-- Opening Marker --

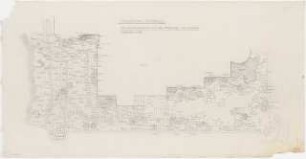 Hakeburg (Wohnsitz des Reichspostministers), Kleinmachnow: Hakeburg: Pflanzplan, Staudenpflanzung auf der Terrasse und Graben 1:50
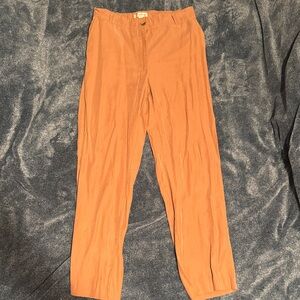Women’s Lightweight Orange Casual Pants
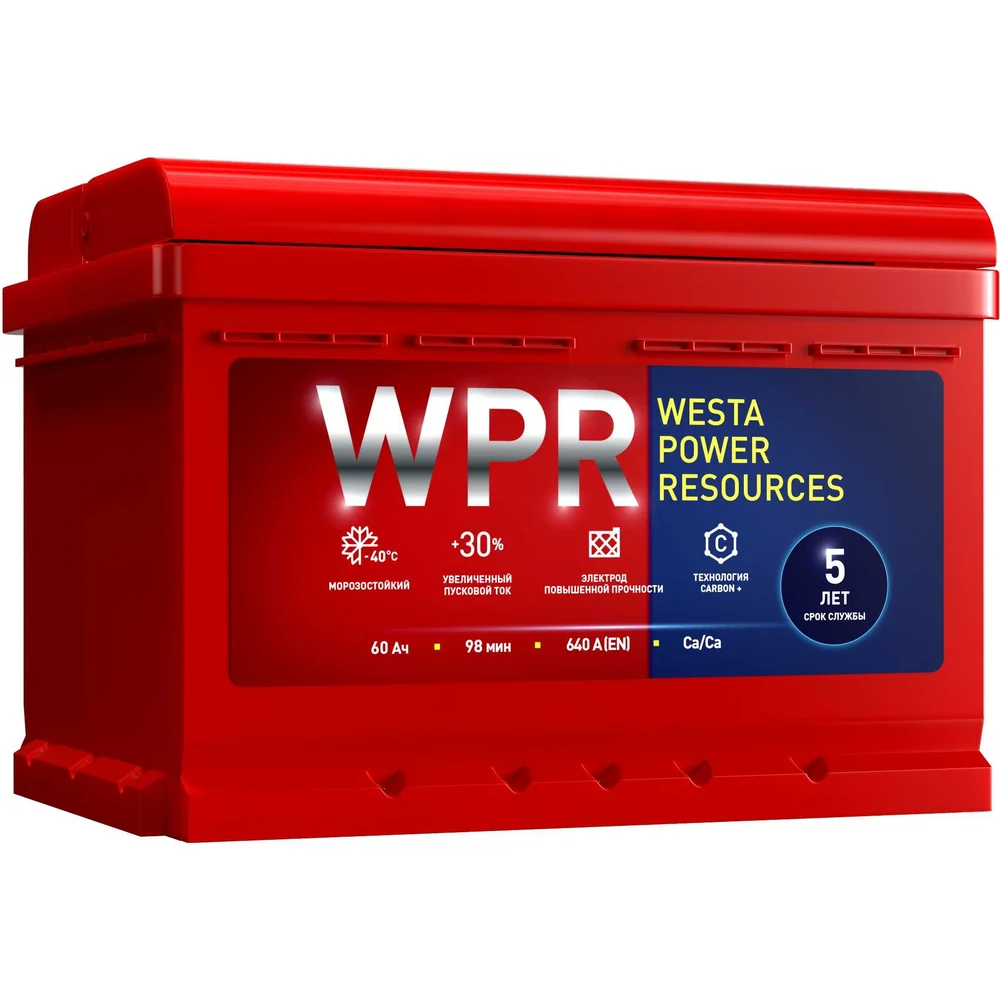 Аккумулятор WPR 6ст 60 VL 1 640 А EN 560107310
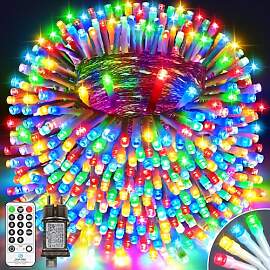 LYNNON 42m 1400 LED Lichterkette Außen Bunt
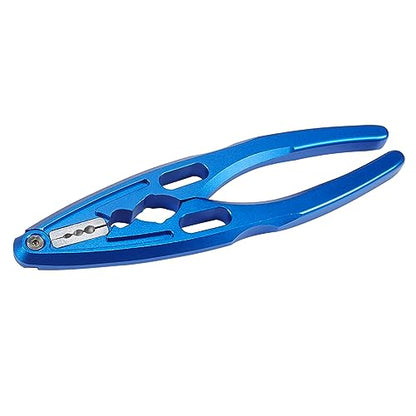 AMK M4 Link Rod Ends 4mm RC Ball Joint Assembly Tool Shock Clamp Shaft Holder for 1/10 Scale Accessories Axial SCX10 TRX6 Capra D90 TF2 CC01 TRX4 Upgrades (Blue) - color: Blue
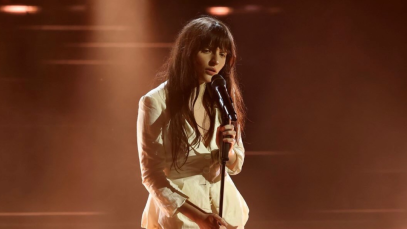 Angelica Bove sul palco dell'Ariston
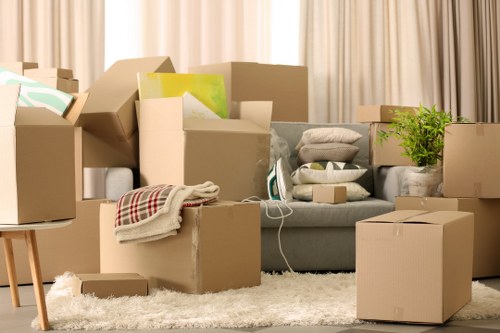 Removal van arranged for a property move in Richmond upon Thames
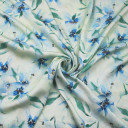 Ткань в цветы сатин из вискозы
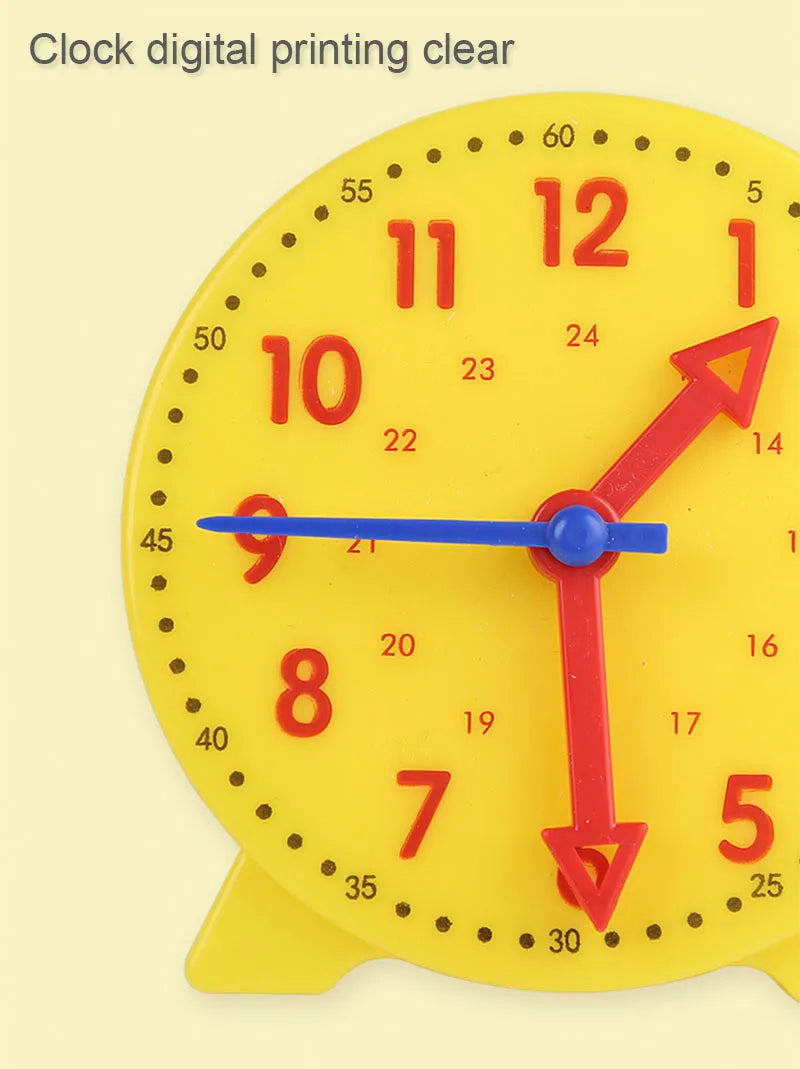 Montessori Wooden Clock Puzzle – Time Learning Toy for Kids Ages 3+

-- Closing Marker --
-- Opening Marker --

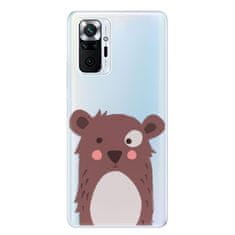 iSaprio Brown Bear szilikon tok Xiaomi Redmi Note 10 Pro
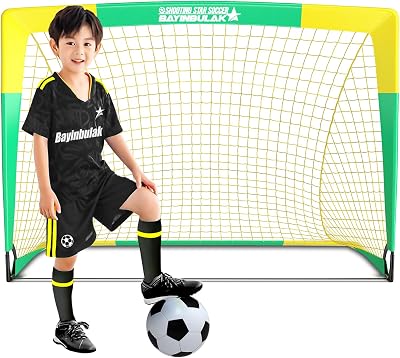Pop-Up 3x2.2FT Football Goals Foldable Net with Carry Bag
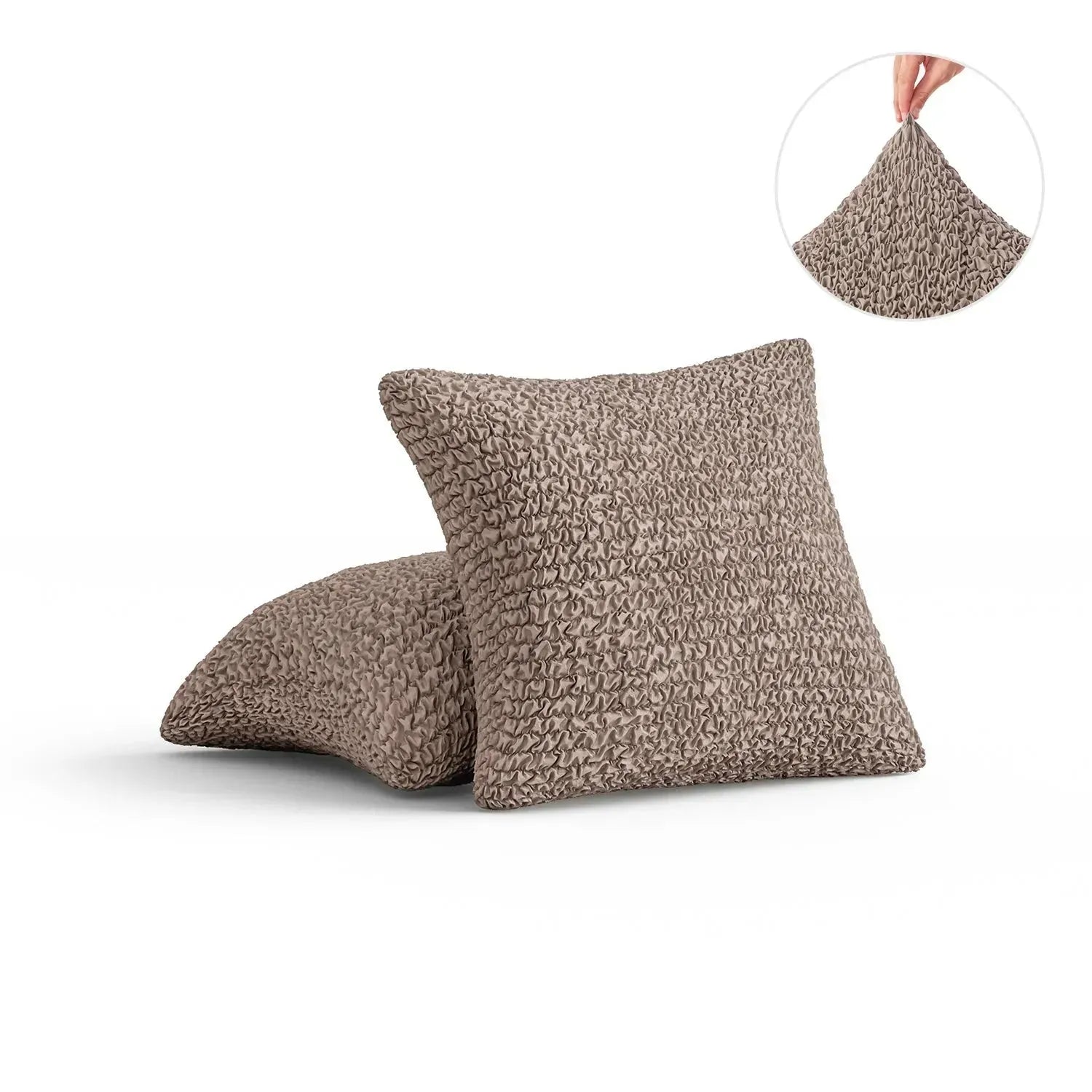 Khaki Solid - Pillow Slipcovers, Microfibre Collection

-- Closing Marker --

**Your objective**. Given the listing above, retype only the span of lines from the line with "LYNNON 42m 1400 LED Lichterkette Außen Bunt" up to and including the line with "Montessori Wooden Clock", exactly as it stands and without pictures.

**Worked solution**.
 LYNNON 42m 1400 LED Lichterkette Außen Bunt
 AMK M4 Link Rod Ends 4mm RC Ball Joint Assembly Tool Shock Clamp Shaft Holder for 1/10 Scale Accessories Axial SCX10 TRX6 Capra D90 TF2 CC01 TRX4 Upgrades (Blue) - color: Blue
 Angelica Bove sul palco dell'Ariston
 Removal van arranged for a property move in Richmond upon Thames
 Ткань в цветы сатин из вискозы
 Montessori Wooden Clock Puzzle – Time Learning Toy for Kids Ages 3+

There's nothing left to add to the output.